DPR Desak Sanksi Tegas 16 Mahasiswa UI Pelaku Pelecehan Seksual
Foto: Ilustrasi DPR Desak Sanksi Tegas 16 Mahasiswa UI Pelaku Pelecehan Seksual.

Wakil Ketua Komisi X DPR RI Lalu Hadrian Irfani mendesak pemberian sanksi tegas terhadap 16 mahasiswa Fakultas Hukum Universitas Indonesia (FH UI) yang terbukti melakukan pelecehan seksual terhadap rekan mahasiswi pada Selasa (14/4/2026). Kasus ini mencuat setelah para pelaku mengakui perbuatan mereka yang dilakukan melalui platform pesan digital.

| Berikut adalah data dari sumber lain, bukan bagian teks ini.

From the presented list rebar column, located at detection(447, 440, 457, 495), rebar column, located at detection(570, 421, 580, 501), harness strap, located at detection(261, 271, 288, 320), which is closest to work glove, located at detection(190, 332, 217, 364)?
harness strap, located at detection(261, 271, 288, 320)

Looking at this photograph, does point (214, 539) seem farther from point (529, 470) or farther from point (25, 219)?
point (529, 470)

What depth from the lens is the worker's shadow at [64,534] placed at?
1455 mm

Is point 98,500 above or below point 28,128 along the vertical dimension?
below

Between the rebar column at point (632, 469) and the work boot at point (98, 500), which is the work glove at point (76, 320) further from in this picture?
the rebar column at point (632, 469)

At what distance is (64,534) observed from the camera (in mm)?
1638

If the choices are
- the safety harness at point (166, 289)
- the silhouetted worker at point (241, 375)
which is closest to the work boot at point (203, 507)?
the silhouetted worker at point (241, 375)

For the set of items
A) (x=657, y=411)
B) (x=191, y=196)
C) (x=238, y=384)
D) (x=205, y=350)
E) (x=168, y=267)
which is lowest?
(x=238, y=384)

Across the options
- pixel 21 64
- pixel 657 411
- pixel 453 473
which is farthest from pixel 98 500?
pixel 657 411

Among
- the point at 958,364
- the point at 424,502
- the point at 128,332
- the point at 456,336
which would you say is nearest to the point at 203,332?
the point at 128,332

Politikus PKB tersebut memberikan penekanan bahwa perlindungan terhadap integritas lingkungan pendidikan merupakan prioritas utama. Dilansir dari Nasional, kasus ini melibatkan mahasiswa angkatan 2023 yang melontarkan pesan merendahkan bernuansa seksual di grup WhatsApp dan LINE.

"Menjaga keamanan dan integritas lingkungan kampus jauh lebih penting, sehingga setiap pelanggaran tetap harus ditindak tegas sesuai ketentuan," kata Lalu Hadrian Irfani, Wakil Ketua Komisi X DPR RI.

Lalu menambahkan bahwa meskipun keputusan mengeluarkan mahasiswa dari institusi pendidikan adalah hal yang berat, namun penegakan aturan tetap harus dijalankan secara konsekuen. Hal ini merujuk pada regulasi pencegahan kekerasan di perguruan tinggi.

"Terkait soal sayang atau tidak ketika mahasiswa sudah kuliah tetapi harus dikeluarkan, tentu kita semua menyayangkan," tutur Lalu.

Lalu juga menyinggung keberadaan Permendikbudristek Nomor 55 Tahun 2024 yang menjadi landasan hukum penanganan kekerasan di kampus. Ia menyatakan dukungannya agar seluruh mekanisme penanganan berjalan sesuai koridor hukum yang berlaku tanpa bersifat menghakimi sepihak.

"Saya tidak dalam posisi menghakimi, karena semuanya harus diproses sesuai aturan yang berlaku," imbuh Lalu.

Ketua Badan Eksekutif Mahasiswa (BEM) FH UI, Anandaku Dimas Rumi Chattaristo, menjelaskan kronologi pengakuan tersebut. Para pelaku secara mendadak menyampaikan permohonan maaf di grup angkatan pada Sabtu (11/4/2026) menjelang dini hari sebelum kasusnya viral.

"Untuk permohonan maaf itu disampaikan oleh 16 pelaku. Dan untuk statusnya, mereka semua mengakui perbuatan mereka," ujar Anandaku Dimas Rumi Chattaristo, Ketua BEM FH UI.

Dimas memaparkan bahwa permohonan maaf tersebut awalnya tidak disertai konteks yang jelas bagi anggota grup lainnya. Namun, rincian mengenai tindakan para pelaku kemudian tersebar luas di media sosial X melalui sejumlah unggahan pengguna.

"Kebanyakan bentuknya adalah pesan yang merendahkan, dengan nuansa seksual," kata Dimas.

Pihak dekanat dan universitas telah menyatakan sikap resmi melalui saluran komunikasi digital mereka. Melalui pernyataan di media sosial, manajemen kampus memberikan respons keras terhadap tindakan para mahasiswa tersebut.

"Fakultas mengecam keras segala bentik perilaku yang merendahkan martabat manusia serta bertentangan dengan nilai hukum dan etika akademik," bunyi pernyataan Fakultas Hukum UI.